** About this task **
Write the records below out again exactly as given, with no images.

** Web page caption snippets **
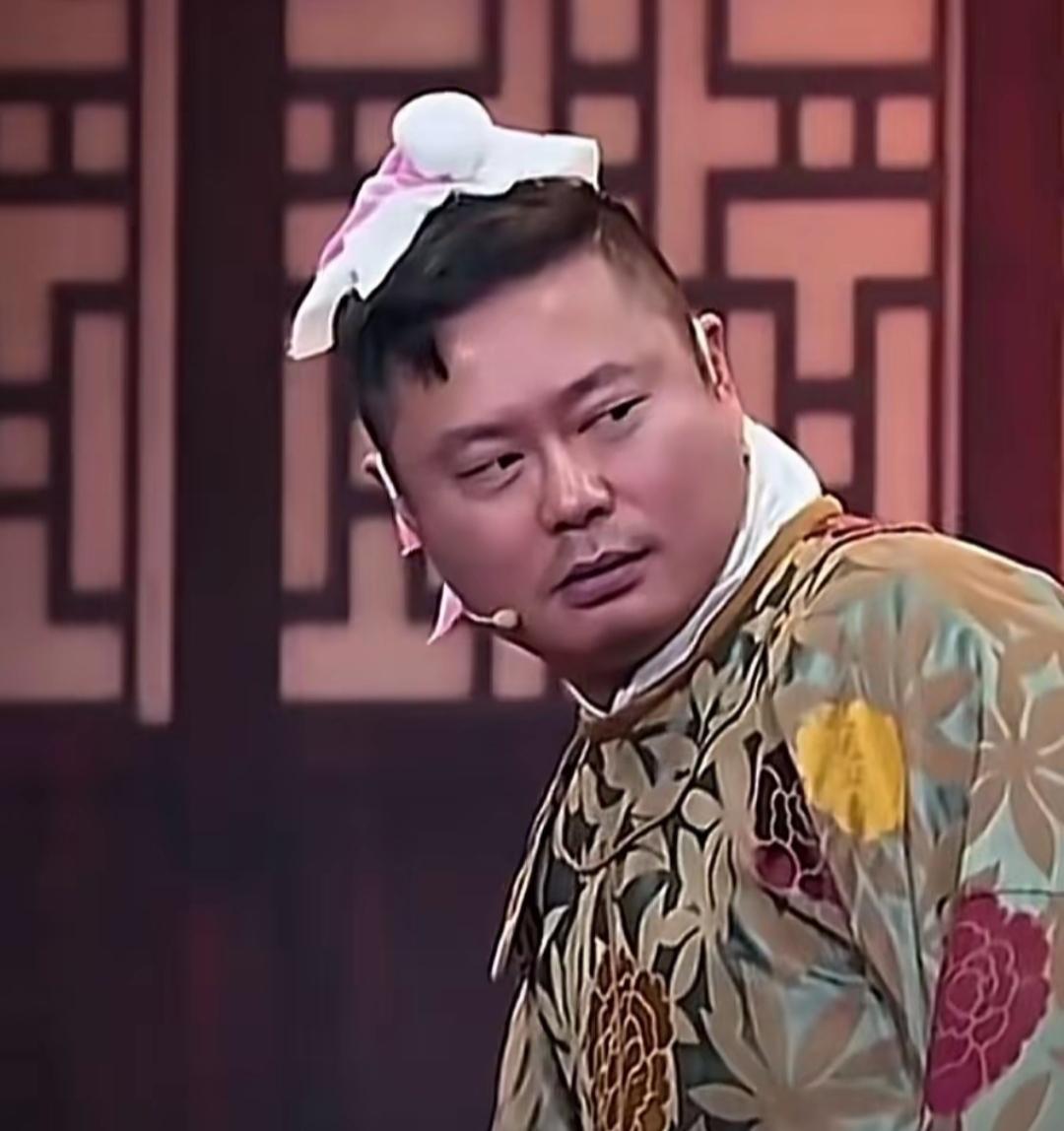 杜海涛问魏翔，你是怎么去的麻花，魏翔说，自己毕业后，在北京待了三个月。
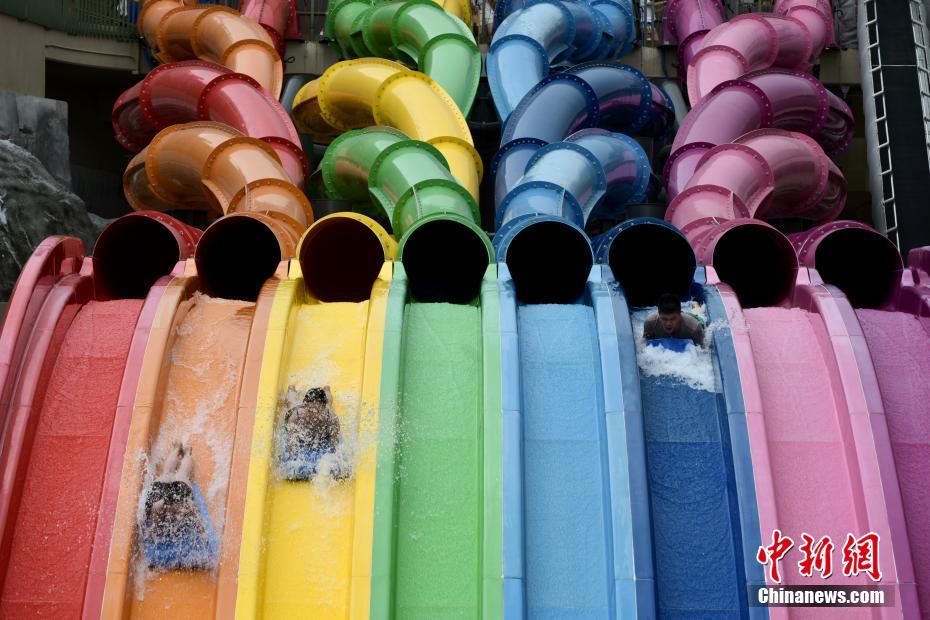 ウォータースライダー「八彩天梯」で遊ぶ入園者（撮影?李志華）。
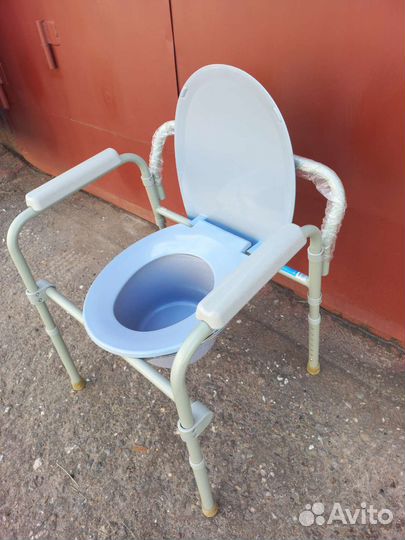 Санитарный стул туалет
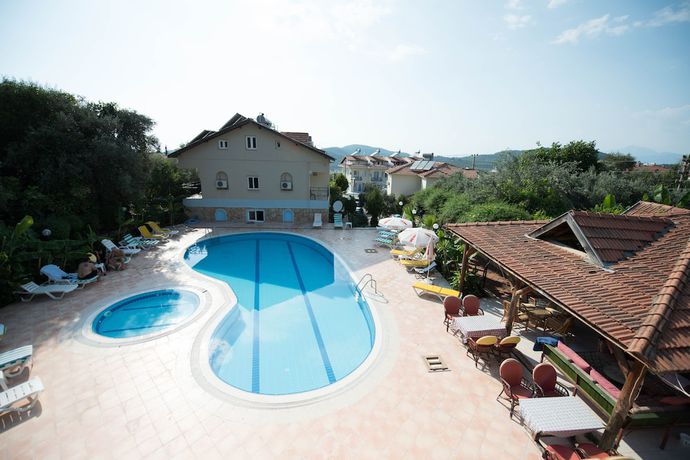 Imagen de la piscina del Sonmez Hotel. Foto 18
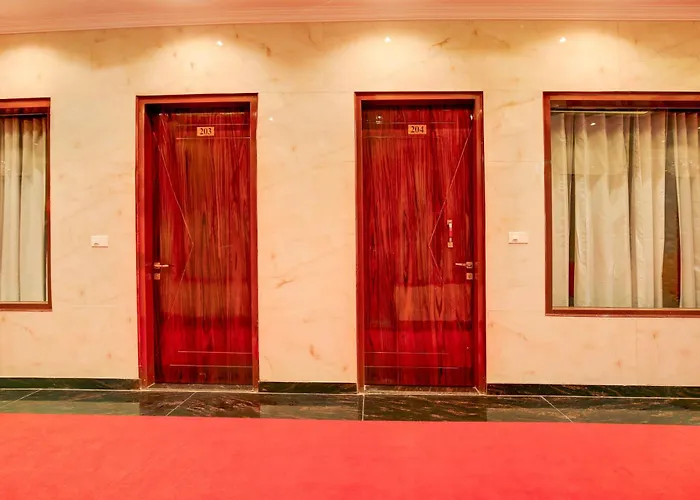 Super Townhouse By Oyo Chandigarh Near Pec-Pgi-Pu Formerly Hotel Paradise
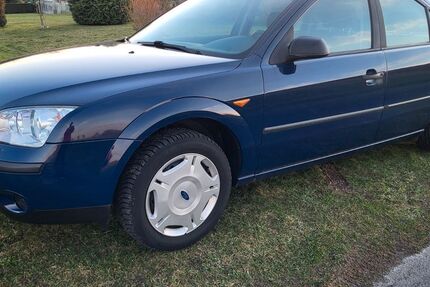 Ford Mondeo 180.000 km 1.899 &euro; Melle 49328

** Result **
 杜海涛问魏翔，你是怎么去的麻花，魏翔说，自己毕业后，在北京待了三个月。
 ウォータースライダー「八彩天梯」で遊ぶ入園者（撮影?李志華）。
 Санитарный стул туалет
 Imagen de la piscina del Sonmez Hotel. Foto 18
 Super Townhouse By Oyo Chandigarh Near Pec-Pgi-Pu Formerly Hotel Paradise
 Ford Mondeo 180.000 km 1.899 &euro; Melle 49328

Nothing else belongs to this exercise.